_Problem statement_:
Write out an exact copy of the line containing "Carte Postale Ptarmigan" and all lines that follow it in the data below, leaving out pictures.

_Data shown_:
- - -
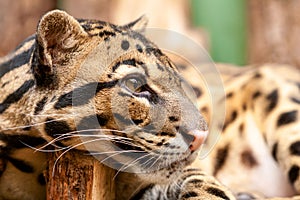 Close-up of an Ocelot - Leopardus pardalis - on a branch. The wild cat staring away from the camera
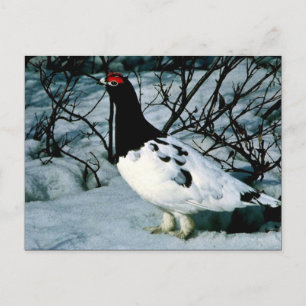 Carte Postale Ptarmigan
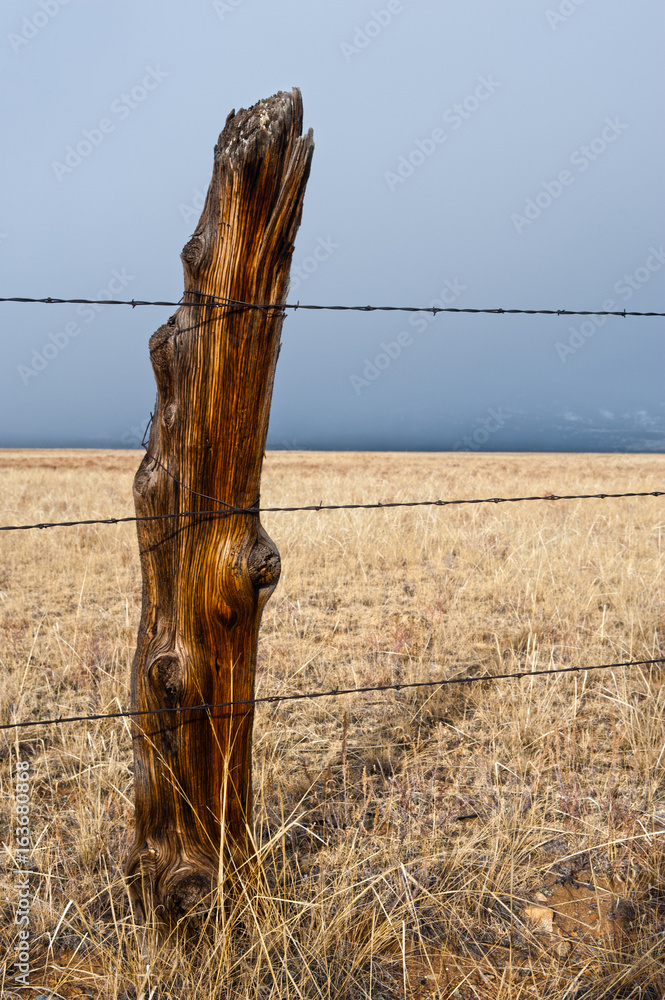 Hundred Year Old Cedar Fence Post and Shadow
- - -
_Solution to this problem_:
 Carte Postale Ptarmigan
 Hundred Year Old Cedar Fence Post and Shadow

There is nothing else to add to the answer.